According to our findings, and in keeping with previous reports, [14] HSV-2 infections acquired before the pregnancy are associated with only a low risk of occurrence of obstetric complications. Thus, there was no statistically significant difference in the occurrence of the complications between the "HSV-2 seropositive" group and the "HSV-2 seronegative" group. This finding agrees with reports from a retrospective study in Korea, [14] and can be explained by the presence of HSV-2 specific antibodies which can protect the fetus from the severe effects of maternal HSV-2 infection. [3] With respect to spontaneous abortion, no such complication was recorded in both "HSV-2 seropositive" and "HSV-2 seronegative" groups. This is contrary to the report from Korea in which significantly more spontaneous abortions occurred among the HSV-2 seropositive persons. [14] The low frequency of spontaneous abortion in this study population may have resulted from the low proportion of the first trimester enrollees, which is a reflection of the tendency of pregnant women in this environment to book late. Moreover, due to the bitterness associated with pregnancy loss in this environment, it is possible that a significant proportion of those who were lost to follow-up had this complication.
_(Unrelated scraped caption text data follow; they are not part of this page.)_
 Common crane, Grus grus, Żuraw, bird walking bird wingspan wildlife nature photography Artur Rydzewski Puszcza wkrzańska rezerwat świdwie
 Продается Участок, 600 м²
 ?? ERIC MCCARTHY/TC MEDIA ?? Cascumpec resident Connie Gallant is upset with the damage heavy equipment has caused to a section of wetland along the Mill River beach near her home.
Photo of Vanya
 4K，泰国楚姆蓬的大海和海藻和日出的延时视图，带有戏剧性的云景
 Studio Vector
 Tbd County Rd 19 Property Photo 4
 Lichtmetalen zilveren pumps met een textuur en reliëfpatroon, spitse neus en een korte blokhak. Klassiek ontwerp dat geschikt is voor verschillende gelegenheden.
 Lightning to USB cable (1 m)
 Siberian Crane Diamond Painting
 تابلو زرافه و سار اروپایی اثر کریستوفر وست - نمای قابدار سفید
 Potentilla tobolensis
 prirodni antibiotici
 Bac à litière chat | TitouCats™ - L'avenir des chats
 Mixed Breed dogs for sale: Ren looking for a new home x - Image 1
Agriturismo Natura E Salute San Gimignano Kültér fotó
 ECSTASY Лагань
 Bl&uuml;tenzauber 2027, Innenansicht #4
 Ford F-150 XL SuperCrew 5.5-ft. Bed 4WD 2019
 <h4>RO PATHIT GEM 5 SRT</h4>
Just as the presence of HSV-2 specific antibodies can protect the fetus, the absence of HSV-2 specific antibodies may make the fetus vulnerable to the first episode infections. This may explain why the first episode maternal HSV-2 infections (whether primary or nonprimary) in pregnancy were associated with higher frequency of occurrence of LBW deliveries, stillbirths, and preterm deliveries in this study. Even spontaneous abortion, which was absent in the other cohorts, was present in the "incident HSV-2 infection" cohort. This agrees with previous reports on the effects of the first episode HSV-2 infection on obstetric outcome. [3],[4],[5],[6],[7] Contrary to this finding, another previous prospective study in USA reported no significant increase in the negative outcomes of pregnancy among "incident HSV-2 infection" participants, relative to other cohorts. [2] The reason for this difference in research finding may be due to the fact that in advanced countries of the world like USA, there is better health facilities, that ensures better management of pregnant women than in third world countries; this helps reduce the morbidity and mortality associated with all forms of infections, including HSV in advanced countries of the world.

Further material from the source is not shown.